§ **WORK TASK**:
The reply should consist solely of the lines from the one with "Magnetický vodič švu" through the final line of the listing, copied exactly, with no pictures.

§ **EXERCISE DATA**:

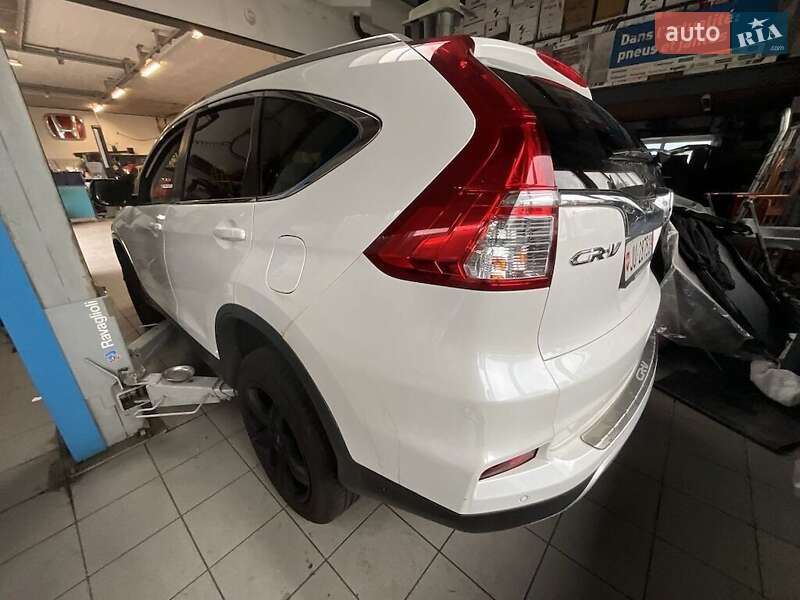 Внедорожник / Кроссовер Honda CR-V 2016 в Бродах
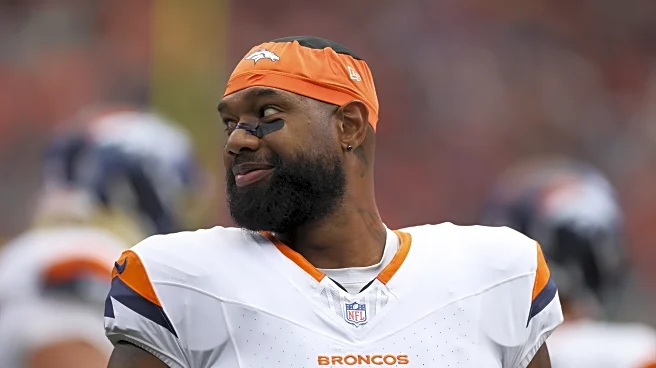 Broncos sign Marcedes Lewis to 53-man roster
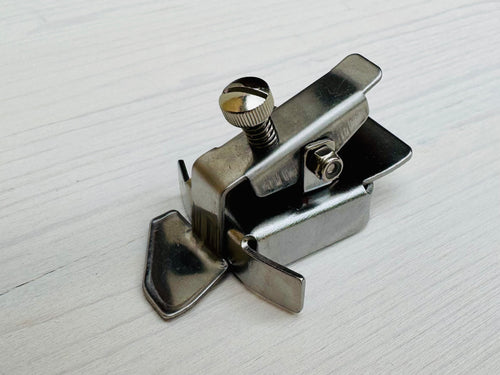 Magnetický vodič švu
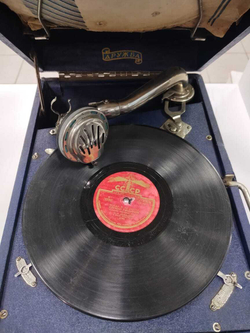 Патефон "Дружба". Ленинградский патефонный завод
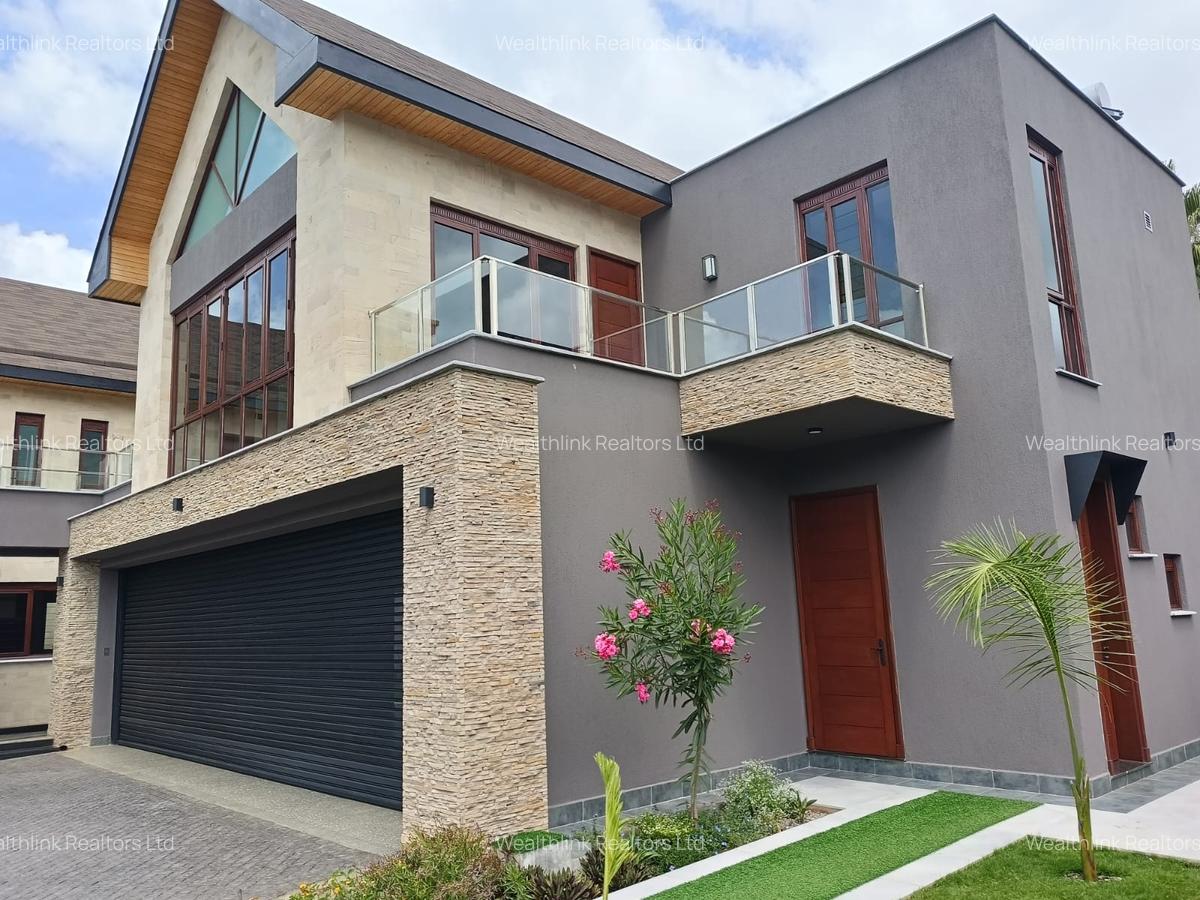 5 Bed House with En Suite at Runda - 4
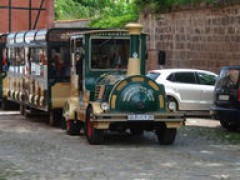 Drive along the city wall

§ **RESULT BELOW**:
 Magnetický vodič švu
 Патефон "Дружба". Ленинградский патефонный завод
 5 Bed House with En Suite at Runda - 4
 Drive along the city wall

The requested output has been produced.